Right so I'm not actually wrong then am I? You're agreeing with me that the case clearly allows public record to remain, but commercial use beyond that not to. Again, this is exactly as it's always been.

You now have directly contradicted yourself in your responses to me. I even quoted it above to make it easy for you.

I know exactly how indexing works on a technical level, but "data processing" is a specific term recognised in law and what Google is doing is classed as data processing...It's pretty clear that Google is taking the data and processing it to produce search results based on it. That is like it or not, a form of processing as recognised in law.

As I said in my last response, Google's actions likely are considered processing of personal data by a law that written for computer systems prior to the open Internet and free Internet search engines. But, comparing what they do to a credit processing agency indicates you don't understand how one or both works.

Well no, because libraries are not:

a) Processing the data
b) Using the data for profit
c) Are recognised as an institution for storage of public record

No combination of these is breached by libraries, whereas they are by Google, and that's the problem.

In my example, they would be processing the data more so than an Internet search engine, storing as well as indexing the source data. I'm not aware of the specific exemptions that you claimed in points b and c. Perhaps you could point me to where those are clarified in law?

You only think this is illogical precisely because you don't understand European data protection law (or perhaps data protection law in general) and the businesses I describe. Personal data is a well defined thing in law, and so is data processing, unfortunately whatever you may or may not think of the law the fact is that the data was clearly defined as personal data, and Google clearly was processing it as defined in law, and Google clearly did not fall under any of the exemptions (e.g. law enforcement).

Again, I clearly addressed this in my previous post.

I actually do not think you understand how credit reference agencies work, because this is almost exactly the same thing. What they do is gather personal data in public record such as the data mentioned in this case - data on bankruptcies and so forth, and make that searchable, so that 3rd party organisations can perform a search on individuals and acquire this data to perform credit scoring and so forth. I'm sure now I've explained the way in which they work you can see the similarities no?

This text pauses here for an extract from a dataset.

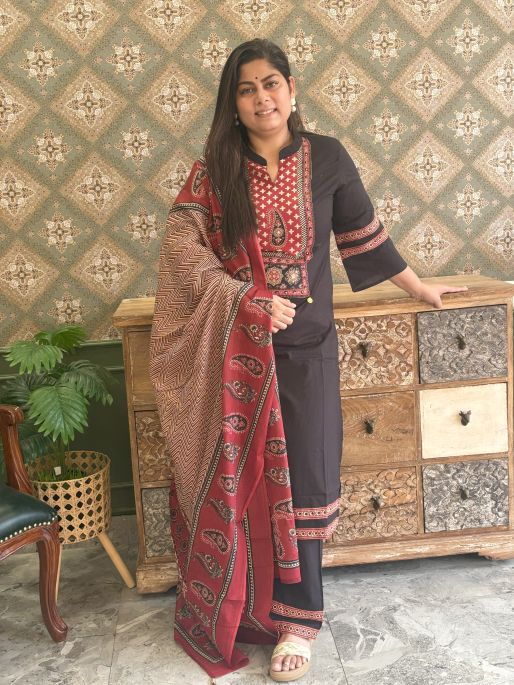 Pure Cotton Hand Embroidered Suit Set with Block Print Dupatta in Black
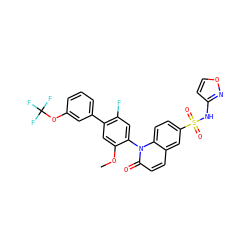 COc1cc(-c2cccc(OC(F)(F)F)c2)c(F)cc1-n1c(=O)ccc2cc(S(=O)(=O)Nc3ccon3)ccc21 ZINC001772596261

Credit agencies exist solely to sell access to personal financial records. Much of the data they collect and provide for a fee is not otherwise accessible and would not be considered public data. They do not simply index data held by others; they actually aggregate and store the data. The agencies have quasi-official standing as agents of record for citizen's financial history and credit worthiness. None of this is like what Google or Bing does, at all. Continuing to insist that they are similar in any real fashion is ridicules.

Google is a generic search engine that can find this and other data, credit reference bureaus are specific search engines that find just this type of data.

You again demonstrate a total lack of understanding between storing and holding the actual data and indexing someone else's data.

Early 80s is 15 - 20 years too early. The UK's data protection act was drafted in 1998 and became law in 2000, other European ones around a similar period. I have no idea why you cherry picked 1980 when no such data protection act even existed then and when it's so long before the laws were made - they were made well after the internet came to be. It seems to be quite an assumption you've jumped to there that they were developed before these problems were understood.

The EU's directive was adopted in 1995. It essentially codified the Council of Europe's 1981 convention on automatic processing of personal data. And even at 1995, the Internet was in its infancy.

There is a major update to the legislation going through the EU currently and that's the path by which Google should argue for it's exemption if it feels it's justified.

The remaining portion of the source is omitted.